Anyway, that isn’t important. Odenwald opens with a simple paragraph with a list of issues he doesn’t really address:
A quick study of cable TV uncovers numerous programs purporting to use scientific techniques to uncover bizarre twists in history. Although card-carrying archeologists have long-since passed judgment on these ideas and moved on to far more interesting issues, pseudoarcheologists keep these ideas alive because (1) they sell books and bring in sightseers, (2) people are fascinated by the way they represent underdog ideas that "threaten" the establishment, (3) most people have no clue what scientific research is really all about, and (4) people view all scientists as equivalent experts on a given topic.

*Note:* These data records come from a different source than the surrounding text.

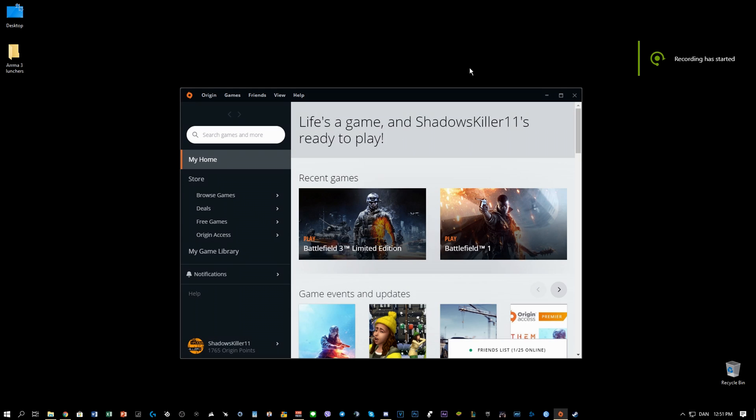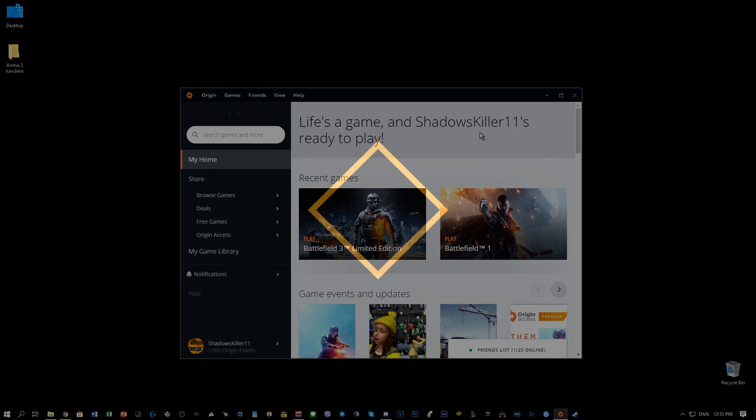Do you have a problem using your mouse and keyboard in Battlefield 3 and 4, where you can't move your mouse, you can't use your keyboard, and sometimes the game crashes? Well, you came to the right video!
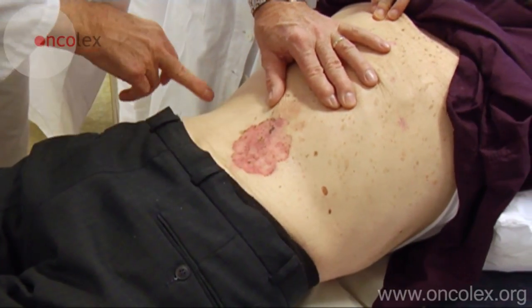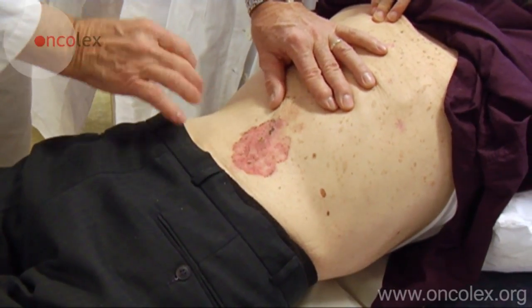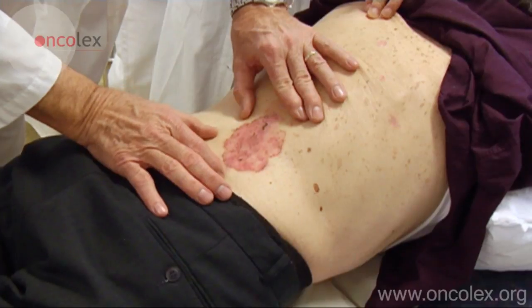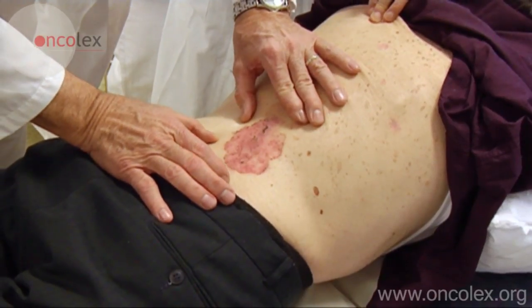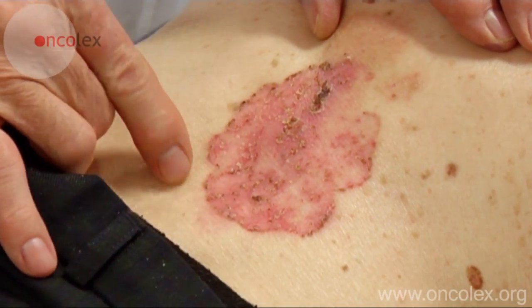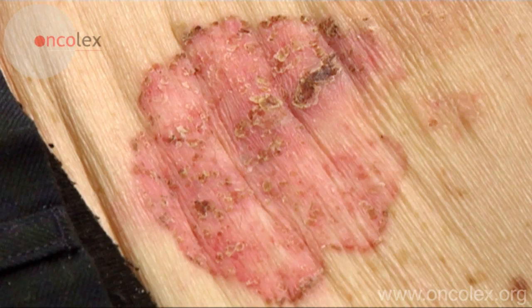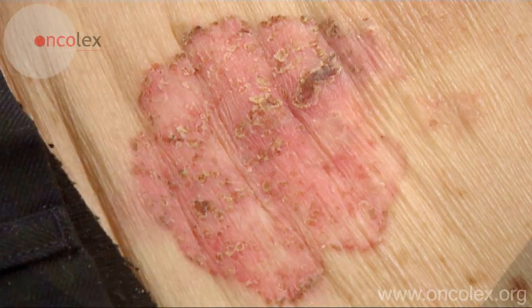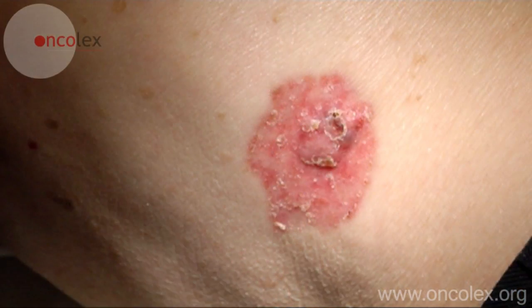This is a different patient. He has a 6 cm large lesion medially on his back. He also has a nodular lesion laterally to the left of this.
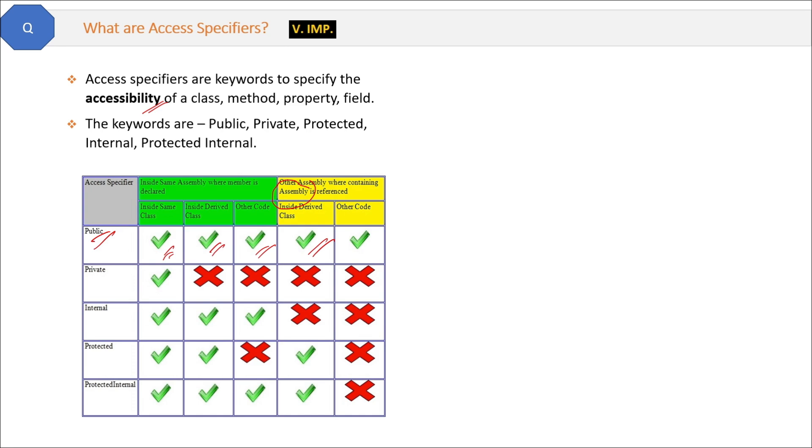So public is accessible at every level. Private method is accessible within the same class only, nowhere else. Internal is accessible within the same assembly or same project.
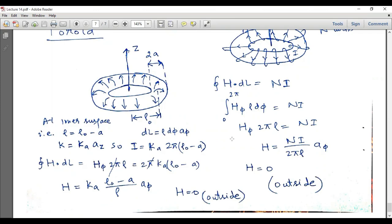I hope you have understood today's lecture on magnetic field intensity and the application of Ampere's law to the toroid — how we calculate H inside and outside for both types. Please subscribe to the channel for more lectures. Goodbye.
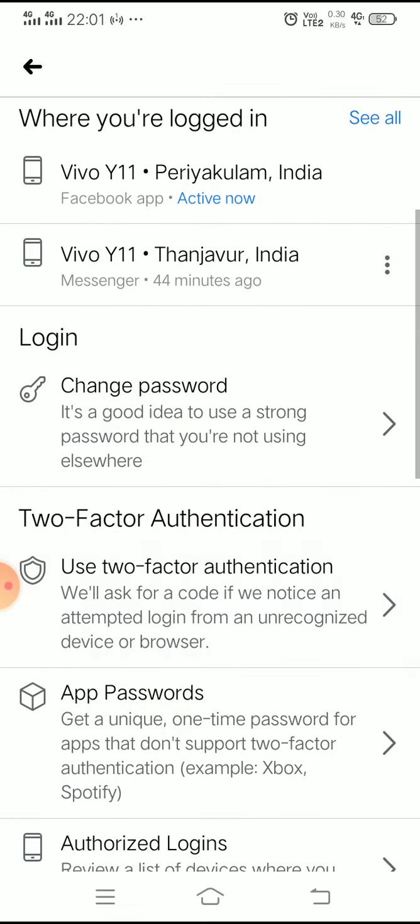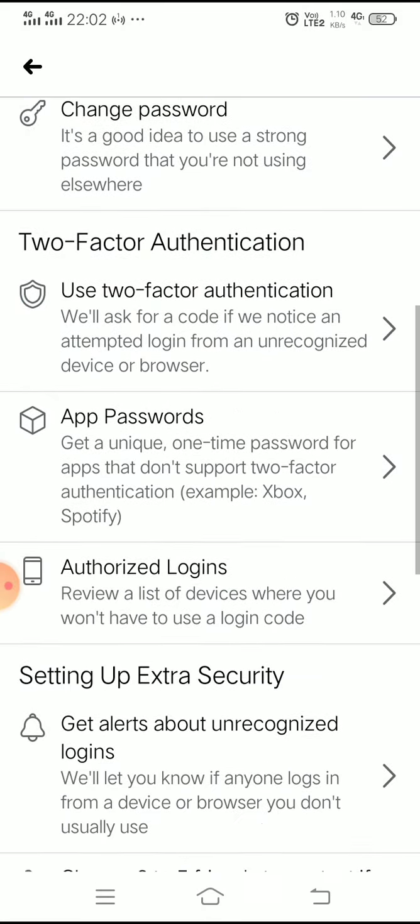Go to Change Password under the login section. If you want to change your password, type in your current password, then enter a new password and re-enter the new password to confirm. You can then change the password.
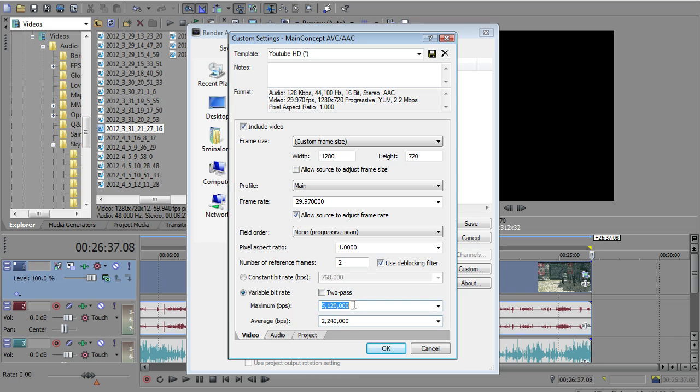And I believe I set that as average of 2.24 because that is what YouTube uses for their videos. So I want my average to match that, but I want the maximum possible that it may use while it's being variable to be 5.12. I don't remember why I chose that, but that seems to give me the best quality video that I can get that matches about the quality of the YouTube videos after they've been downconverted anyway.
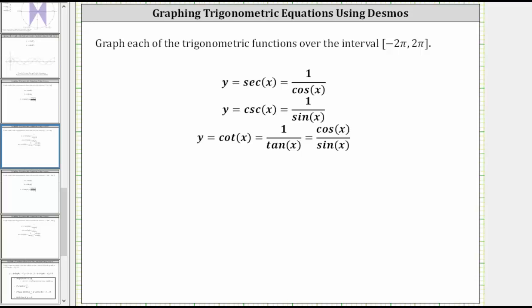This lesson will show how to graph y equals secant x over the closed interval from negative two pi to positive two pi. To better understand the graph of the secant function, secant x is equal to the reciprocal of the cosine function, or one divided by cosine x.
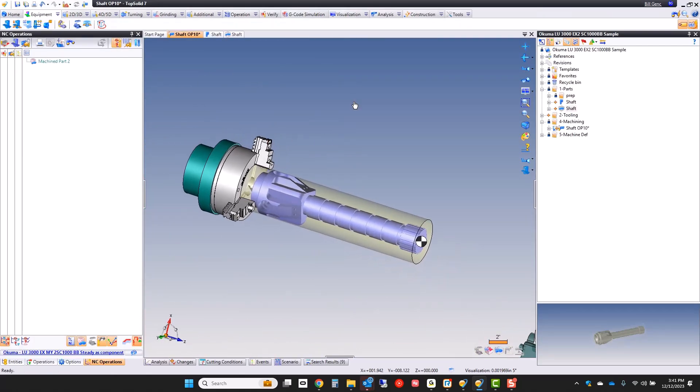The last thing you're going to notice is that there's already a G54 at the front of the part because that's where I like it by default. And that's it. This part is ready for manufacture.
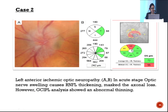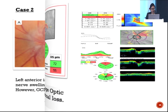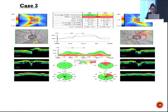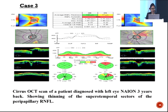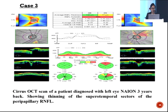However, ganglion cell to inner plexiform layer analysis shows abnormal thinning, indicating axonal loss. In a patient diagnosed with left eye non-arteritic ischemic optic neuropathy three years prior, thinning of the superior and supratemporal quadrants was noted. OCT also helps differentiate acute from chronic ischemic optic neuropathy: in chronic cases there is loss of both RNFL and ganglion cell layer, whereas in acute cases RNFL is thickened but ganglion cell layer is decreased.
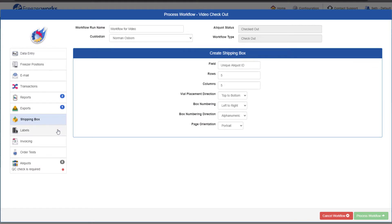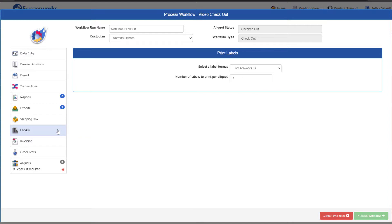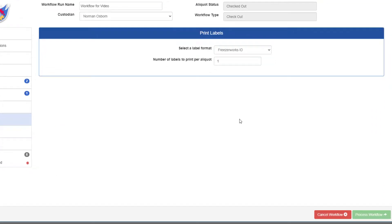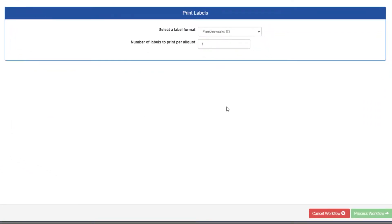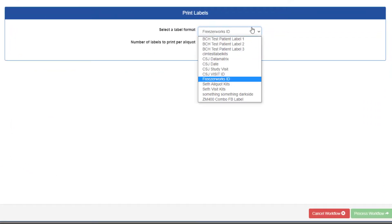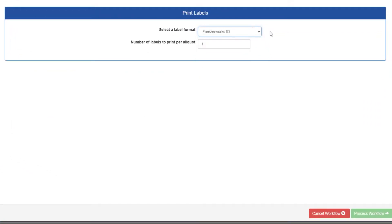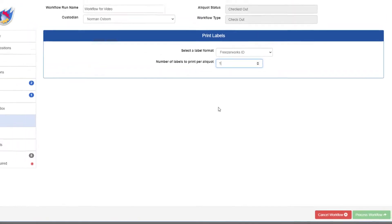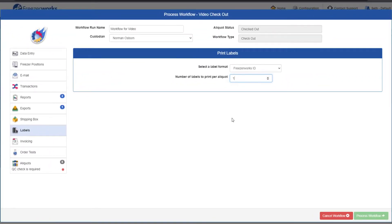The Shipping Box page will make a lot more sense when we go over a shipment workflow. We'll skip it for now. The Labels page has already been filled out for us, but we can select a different label format or change the number of labels per aliquot if necessary.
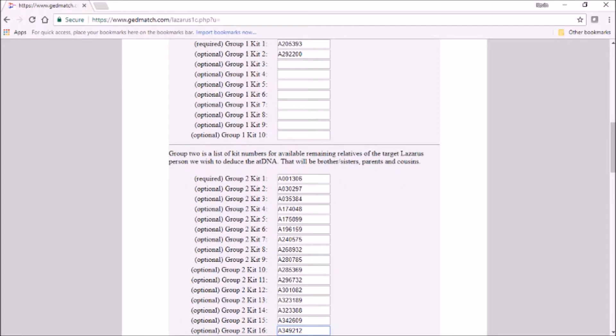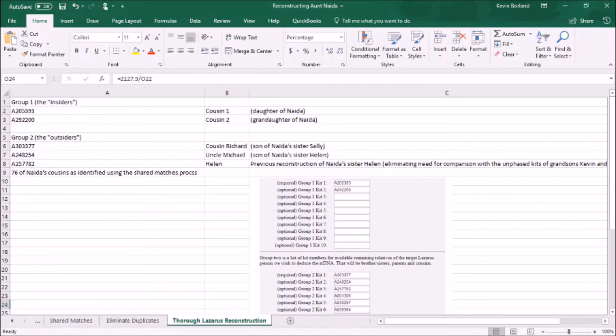So now let's actually use the Lazarus tool. It's a bit tedious to enter all the kit numbers in the data input screen, but cut and paste is your friend — it's worth the 10 minutes of effort. The inside kits are Cousin 1 and Cousin 2 — that's it for this example. You don't need more than one; as long as you have one inside kit and at least one outside kit, this tool will work. The outside kits are Michael, Richard, Grandma Helen, and each of the resulting kits from the People Who Match One or Both of Two Kits tool. We use the default settings in the Lazarus tool except we're not doing a trial run. We've got 79 kits on the outside in this example, so let's generate a real kit that can be used in all the one-to-many tools.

He then goes on to discuss the Kensington Rune Stone, supposedly carved in America by the Knights Templar; the Newberry Tablet; America’s so-called Stonehenge; the Grave Creek Stone; the Sinaia lead plates (that is Sinaia, Romania not to be confused with the Sinai) and, of course, the Shroud of Turin. He writes:
In 1988 a radiocarbon-dating test was performed on small samples of the shroud. The samples dated from the Middle Ages, between 1260 and 1390. From an artistic and anatomical perspective, the shroud image follows the standard conventions of its time. The artistic errors are so severe that it is impossible for it to be the image of an actual human body. Writes Gregory S. Paul, "Exceptionally tall for his time and place [over 6 feet], his rather narrow head was so shrunken and low browed that it would have indicated a unique form of hypocephaly so serious it would have impaired his mental function."
The apples and oranges comparison is amateurish. The Gregory S. Paul article, to which he refers, appeared on The Secular Web in 2010 and is significantly based on naïve and mistaken proportion peculiarities and contains this pseudoscientific gem:
Since the cloth is a proven fraud all attempts to show otherwise are at best misguided and gullible, and perhaps fraudulent.